An Indian immigrant, 32-year-old Surjeet Singh Gill was one of 10 new constables who joined the force in a ceremony at the Ontario Court of Justice building Thursday.
“I feel on top of the world right now that I’m representing my community,” Gill said.
“I will do anything I can to help more people from my community, since Windsor is the fourth most diverse city in the country. And I think Windsor police needs more people from minority groups, so they can represent their own communities.”
Gill said he arrived in Windsor just three years ago to join his wife, who is a Canadian citizen.
“I was a police officer in India, and I was born and raised in a family of police officers,” he said. “Ever since I came here, I had it in my mind that I would go for it one day. . . . By the grace of God, I got into the Windsor Police Service, and I’m proud to be a part of this organization.”

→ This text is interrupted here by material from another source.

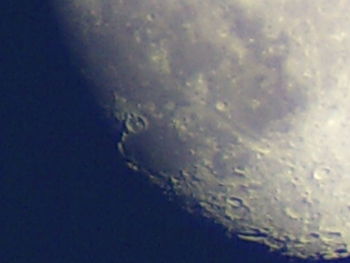 Close-up of water splashing against sky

The other officers who received their badges were: Heather McPhee, Bradley Snyder, Leah McFadden, Albert Frederick, Robert Brisco, Mark Kloppenburg, Warren Braganza, Fady Feghali and Issaam Mohamad Salame.

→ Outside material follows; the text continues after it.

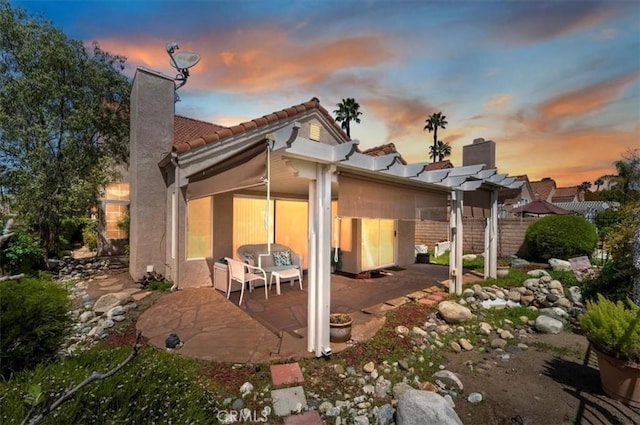back of house with a chimney, a patio area, a pergola, and a tiled roof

Salame, a 24-year-old native of Saudi Arabia, said it’s important for him to reach out to Windsor’s Muslim community, but also every community in the city, “whether Muslim, Catholic, Christian, Jewish.”
Salame said he’s not aware of many Muslim officers in Windsor, and he hopes his presence will encourage more Muslims to join.
“We can use them. We can use people of all cultures, religions, shapes and sizes,” Salame said. “Sometimes people sit back and say, ‘Oh, I won’t get hired because I’m Arabic, or I won’t get hired because I’m Muslim.’ People assume that Windsor police only hire the white male, and it’s clearly not true. If you look at our group alone, it’s very diverse. If you’re willing to come forward, if you’re willing to work hard, Windsor will take that into consideration.”
Chief Glenn Stannard congratulated the newest additions to the Windsor Police Service. Although he warned of “rough waters ahead” as a part of their job, he emphasized that each officer is embarking on an “awesome journey.”
“It’s an opportunity for you, as an individual, to make a positive difference in your community,” Stannard said.
Stannard told recruits to tune their personal car radios to local news stations, in order to keep in touch with the issues and events of their community. “No more hip hop or rap or whatever it is on your way to work,” he said with a smile.
STANNARD’S LAST CEREMONY
The swearing in ceremony was the last one that Stannard will oversee as chief. He will retire in February after almost 38 years on the force.
Stannard, 58, estimated he’s seen at least two dozen classes of recruits since he became chief in 1999.
Asked for the most important piece of advice he could give to new officers, Stannard replied: “To never lose that sense of compassion and respect for others as you go about your job. Treat others as you want to be treated. . . . It just comes better that way.”